De Males partidários a 18 de Setembro de 2009 às 08:55
Males partidários:

. comprar votos de militantes (com dinheiro ou com empregos na Junta de freguesia, município, direcções regionais, empresas municipais, ...assessores, recibos verdes, promessas de entradas para o 'quadro'...),

. transferir dezenas / centenas de militantes para determinada secção (para ''tomar de assalto'' a sua coordenação/ direcção),

. criar militantes fictícios (inventar nomes como ''jacinto capelo rego'!!, vivendo dezenas na mesma morada e as suas quotas sendo pagas pelo mesma pessoa/ conta bancária, ...), ...

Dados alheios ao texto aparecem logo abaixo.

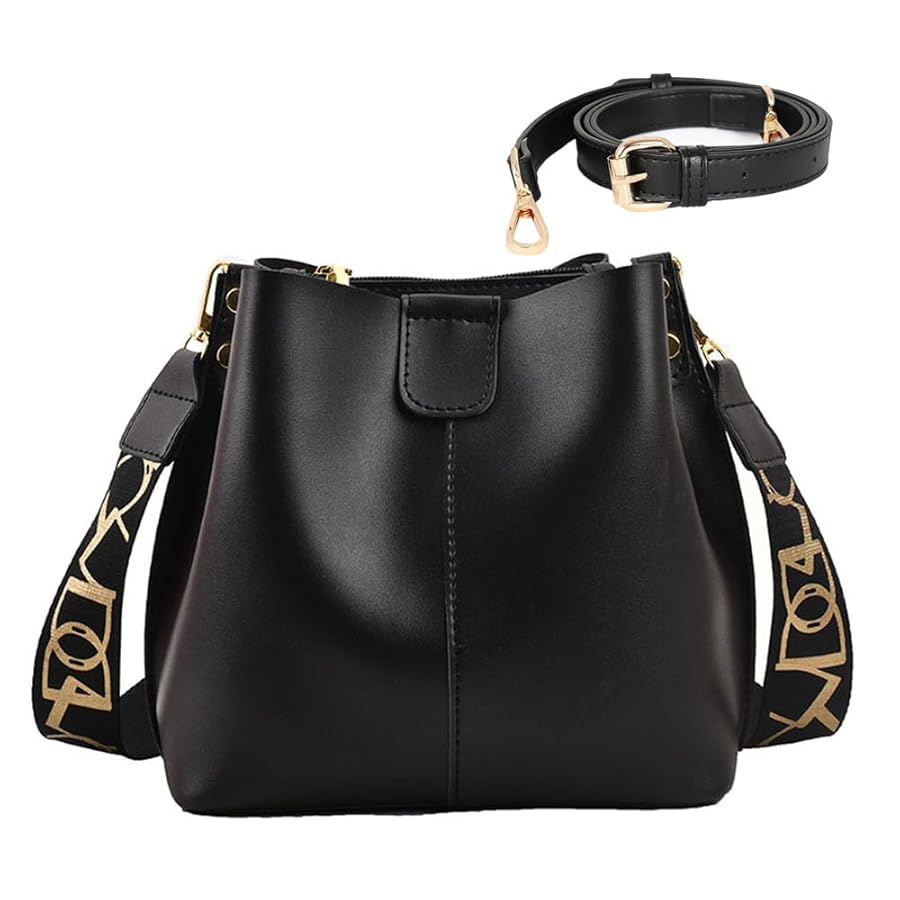 Bucket Shoulder Bag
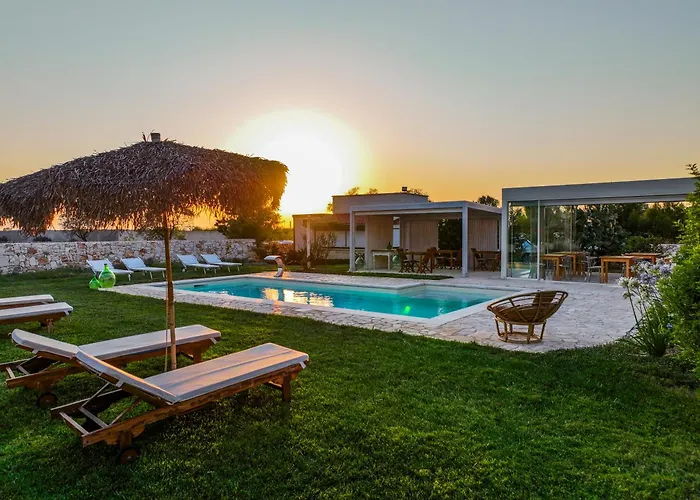 Suite Agriturismo Tenuta Carrino Porto Cesareo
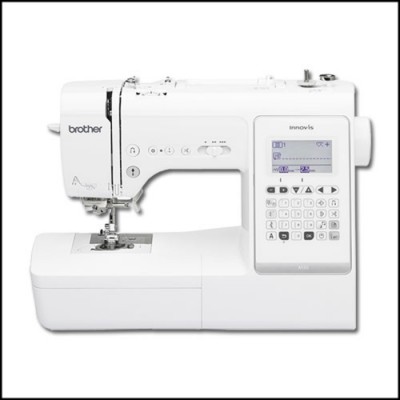 BROTHER/INNOV-IS A150 PORTABLE COMPUTERIZED SEWING MACHINE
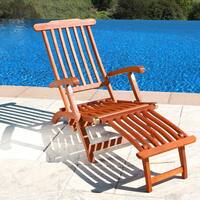 Havenside Home Surfside Outdoor Lounge Chair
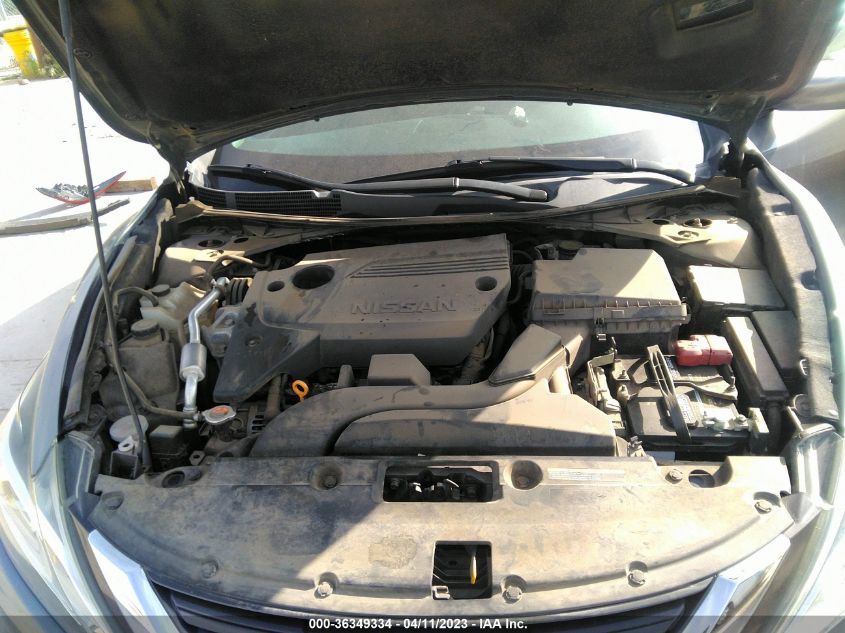 2017 NISSAN ALTIMA 2.5 SV - 1N4AL3AP7HC162104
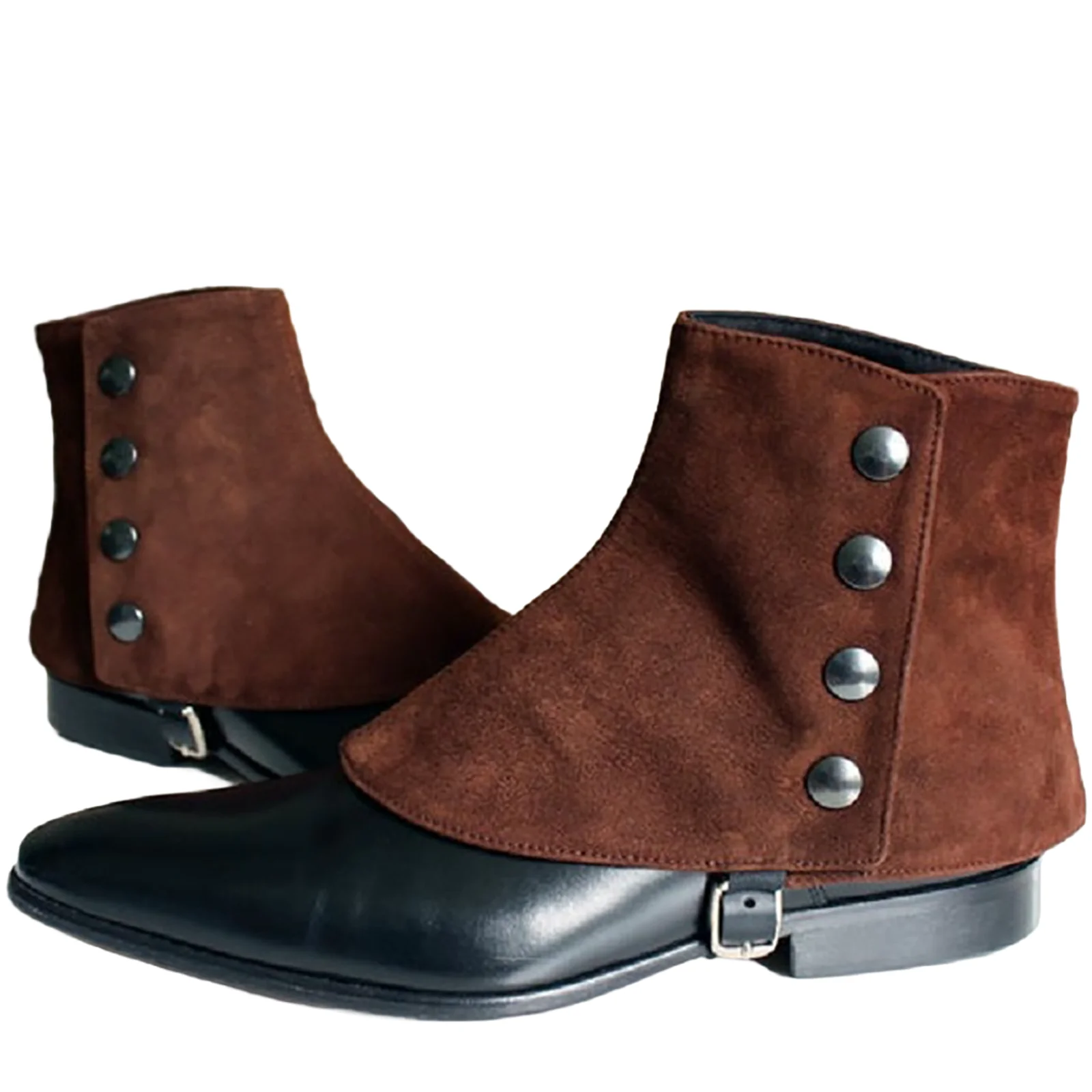 Men'S Accessories In The 1920S - Penutup Sepatu Abad Pertengahan Aksesori Kostum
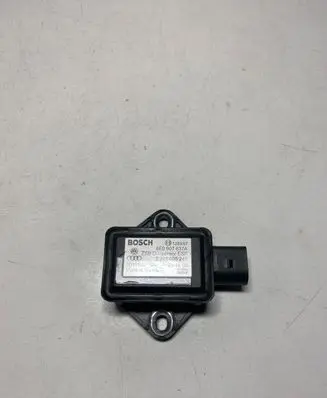 Volkswagen PASSAT B5.5 ESP acceleration yaw rate sensor 8E0907637A 0285001245 0019506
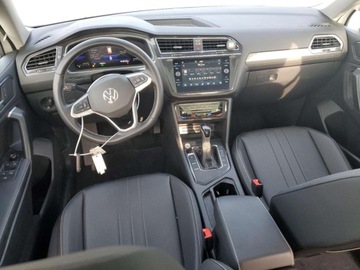 Volkswagen Tiguan II 2023 Volkswagen Tiguan SE 2023 2.0l 2.0 Benzyna 184KM, zdjęcie 8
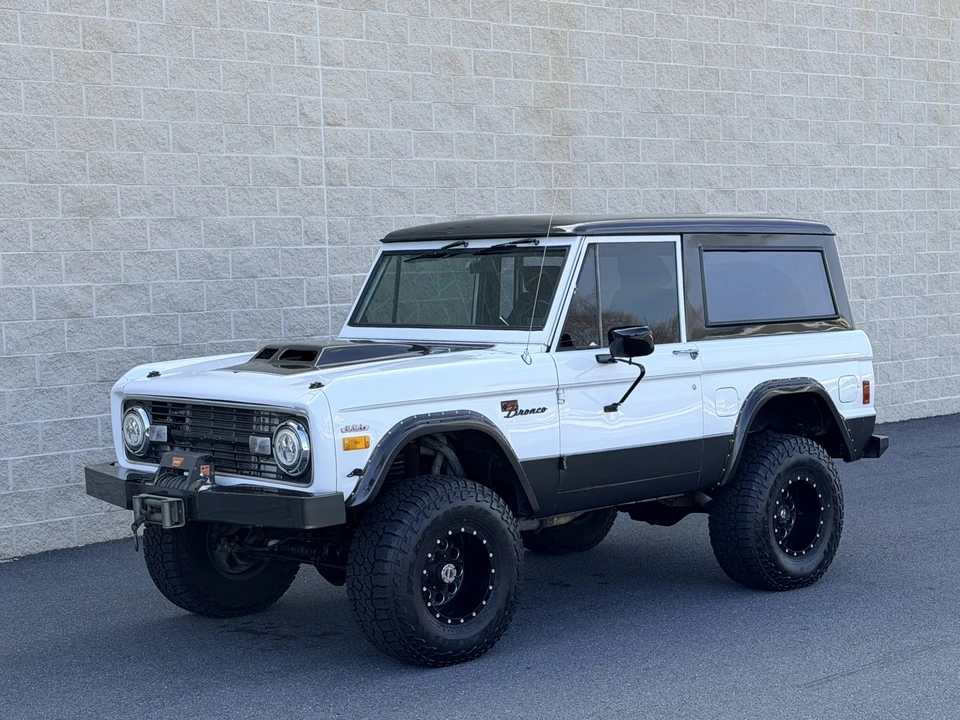 1977 Ford Bronco 1st Gen - Image 14 of 31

. não actualizar os cadernos/registos de militantes... ''esquecendo'' os transferidos, os mortos, os desvinculados, os não-pagantes de quotas, ...

. as manipulações eleitorais, os jogos de feitura de listas para a secção concelhia e federação, para representantes em órgãos superiores, e para as listas de candidatos em lugares elegíveis para o parlamento, câmaras, ...

. a manipulação nos congressos (e nos debates internos) feitos pela 'mesa' e pelos 'barões', não respeitando os adversários, não apreciando as propostas ideias e críticas pelo seu valor intrínseco mas por por 'fait divers' ligados aos seus proponentes, denegrindo ridicularizando ou diminuindo os seus oponentes/ não apoiantes, não agendando nem respondendo às questões e propostas, não cumprindo e alterando sucessivamente regulamentos e formulários, criando entraves e exigências despropositadas e burocráticas, não funcionando de modo isento e expedito os órgãos jurisdicionais e disciplinares (e criticam o sistema de Justiça!!), ...
e servindo-se os 'videirinhos' de todas as 'armas e expedientes' para subir no 'aparelho partidário' e o desvirtuar, pondo-o ao seu serviço e dos seus familiares (podendo alguns destes até dar-se ao luxo de não serem militantes, e beneficiarem de empregos, tachos, contratos, ...) e apoiantes, servis e quase-acéfalos, à espera de receber 'migalhas' ou de uma oportunidade para espetarem a sua lança...

- são tudo esquemas conhecidos no PSD no PS, e noutros partidos... (para as próximas eleições, a lista CDS/PP de candidatos a uma autarquia do Ribatejo foi preenchia em 95% por 'militantes' do Minho !! por engano! )

Esta é a (falta de) qualidade 'burocrática' e democrática dos partidos portugueses, todos com ''telhados de vidro'', sem efectiva transparência, sem verdadeira Democracia interna...

e, enquanto os partidos assim forem (e os seus dirigentes e barões não mudarem), os militantes voluntariosos e honestos serão afastados ou afastar-se-ão, desencantados, descrentes, revoltados, maldizentes, ... empobrecendo a Democracia e a República.